In the programmatic statements at the beginning of Plato's Timaeus, there is an implied configuration of connections that has become canonical in the Platonic tradition. For a start, the Timaeus is set upon the festival of the Panathenea - visitors from Magna Grecia are in Athens for the "festival of the goddess". This is the same narrative device around which the dialogue called 'Parmenides' is framed and so we are surely supposed to see a connection between the two works. Thus in the Platonic tradition these two works were seen as complementary, one concerning cosmology and the other metaphysics. But, as Socrates speaks, we are also told that the day before he had given an account of the Ideal City and he gives a summary of the first part of the dialogue called the Republic - now he wants to see the ideal state in action - and so we are surely to see a connection with that work as well. The Republic, of course, is regarded as Plato's masterpiece, and is central among Plato's writings. In this configuration it is linked with the Timaeus and the Parmenides such that the Platonic tradition has often seen these three works as a set, and as the core of the Platonic corpus.

 
Accordingly, we can distinguish three great streams of Platonism, and Platonists (a very broad category) are usually of one of these three complexions. There are those whose primary focus is metaphysics (Parmenides), those whose focus is the political/sociological/psychological and ethical Plato of the Republic, and then there are those whose Platonism is essentially cosmological (Timaeus). Needless to say, these areas overlap, and we are schematizing, but there are nonetheless three main directions in which Platonic thought is developed. It is a useful model.

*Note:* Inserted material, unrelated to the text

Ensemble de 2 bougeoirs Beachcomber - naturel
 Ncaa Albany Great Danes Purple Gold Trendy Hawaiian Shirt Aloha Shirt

Of the three, the path of the Republic is by far the most common. That is, most Platonism is a development of the doctrines and teachings of the Republic, which is also to say it is Socratic. We can distinguish between three wider traditions that extend out from Plato's key works: the Socratic, the Eleatic and the Pythagorean. Socrates is the hero of the Republic, but the Parmenides is - in a sense - anti-Socratic (since Father Parmenides puts young Socrates in his place) and the Timaeus is - in a sense - non-Socratic (it is a long uninterrupted monologue by Timaeus of Locri in which Socrates plays no part.) Socrates is the key figure in Platonic ethics, but the Platonic metaphysical tradition leads to Parmenides and the Eleatics and the cosmological tradition leads to the Pythagoreans. (Yes, we might say that Socrates - at least Plato's Socrates - was a Parmenidean and a Pythagorean, but the distinctions are still meaningful.)


Platonists tend to diverge along these lines and then pursue the Platonic tradition in one of these directions. This is testimony to the sheer fecundity of Plato: not only was his forehead broad (Platon), but his philosophy is of such extraordinary breadth that it is the starting point of great highways of thought. Or to use a different metaphor Plato is the great progenitor of many remarkably rich intellectual pedigrees. 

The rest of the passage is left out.